It’s pretty much a given these days that if you’re an artist or an arts organization, you’re expected to have a web site. And so long as you have a web site, it’s good to know how many people are visiting. Many web hosts offer a basic tool for this type of measurement with their hosting plans, like Webalizer or Awstats.
But for a full, detailed analysis of website traffic, many people install Google Analytics and then wonder what to do with it.
On October 9, we welcomed Tomer Tishgarten and Asia Matos of Arke Systems to the FUSE Arts Center to speak on the subject of how artists can use Google Analytics. Tomer and Asia offered a wealth of practical knowledge on some of the many insights Google Analytics can offer.
Those who attended our previous TechsmARTs session with John Saddington may remember his big advice about publishing a blog: hit the publish button. Publish regularly. What you get out of that: more readership and more opportunities. But once you’re at the point of publishing and you have Google Analytics set up, what then? What wisdom can you gain?
Asia and Tomer’s presentation focused on ten things that artists need to know about Google Analytics. You may think of Analytics as a tool you can use to see how much traffic you are getting to your site, but there is much more to it than that. It’s a powerful tool that helps you understand how people use your site, which may not be how you think (or want) people to use your site…

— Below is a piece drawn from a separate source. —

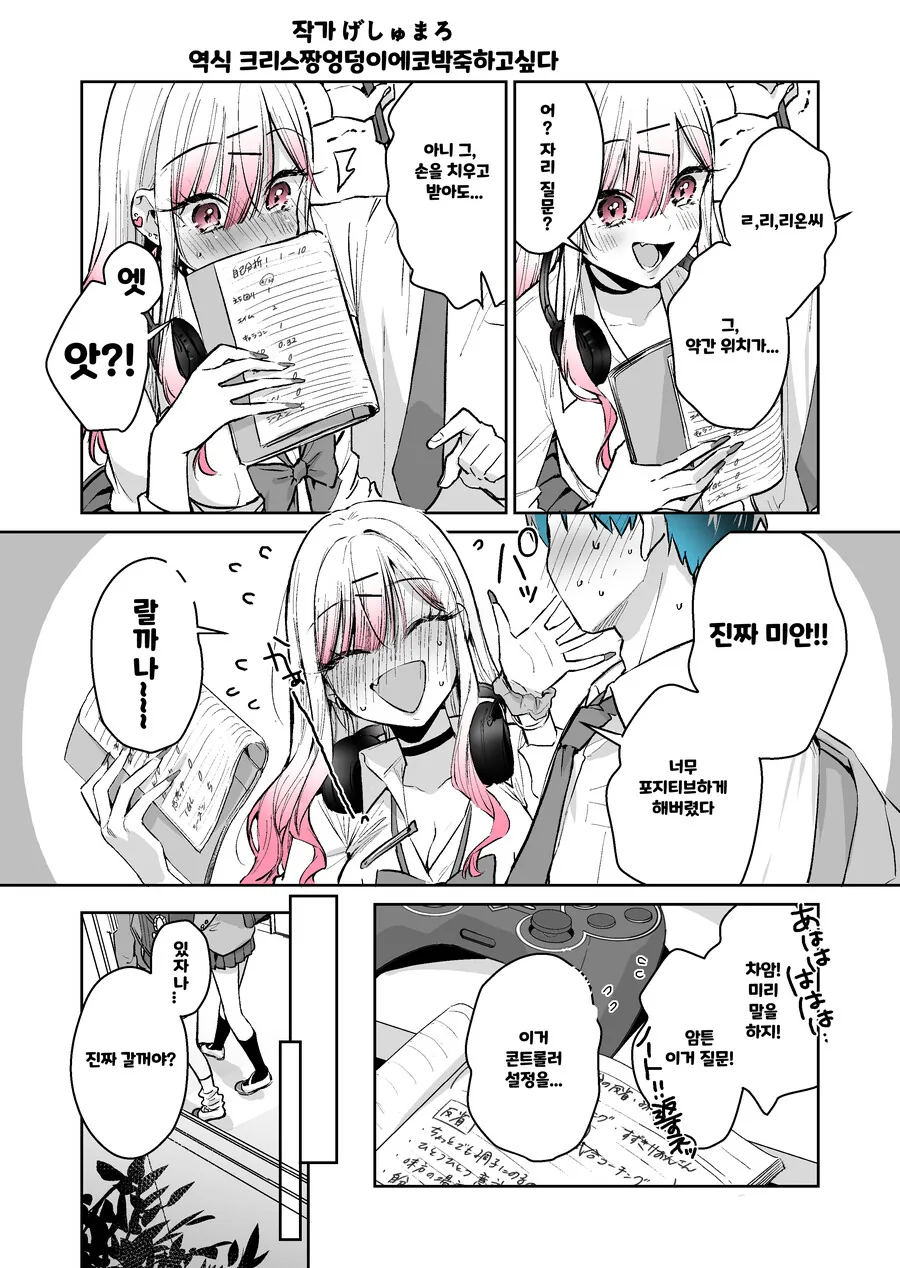 핫산) 핑크머리 여고생이 남자 가랑이에 손 넣는 만화.manhwa - 이미지 3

… Or who is using your site. For example, you may begin a campaign to increase traffic to your site, but realize that the new traffic you generate all comes from other states. If your work is focused here in Atlanta, a positive result is not necessarily a good result.
You may get a fair amount of your traffic through social media sites. But how much do you get from each site, and how long does an average visit to your site last? Thanks to Analytics, we were able to find out that while we typically get more visitors through Facebook, the visitors who come to us through Twitter tend to stay longer.

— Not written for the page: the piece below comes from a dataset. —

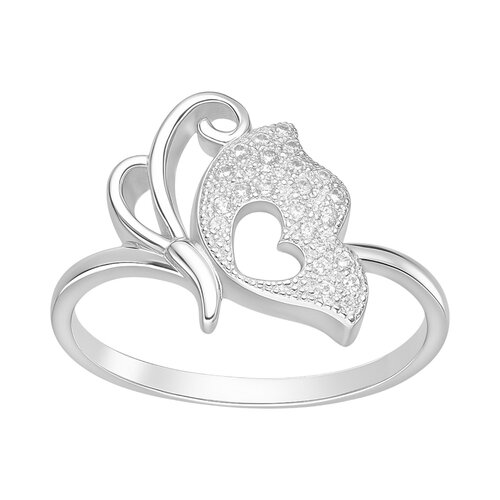 Anillo Mariposa Corazón Circones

In the end, Google Analytics is a great
rabbit hole treasure trove of information related to the traffic that comes through your website. In addition to viewing Tomer and Asia’s presentation, you can also learn more through Google’s Analytics Academy and the Google Analytics Channel on YouTube.
Joe’s tip: Whatever you decide to do, always remember not to get overwhelmed by what you see, or by the possibilities of what Google Analytics can offer to you. Your first task would be to install Analytics on your site. If you use WordPress, you will likely have many options for installing — none of them are the “best” or the “wrong” option — but it’s always good to start simple. Focus on one thing at a time, experiment, and go to town learning new things about how the people who visit your website use it.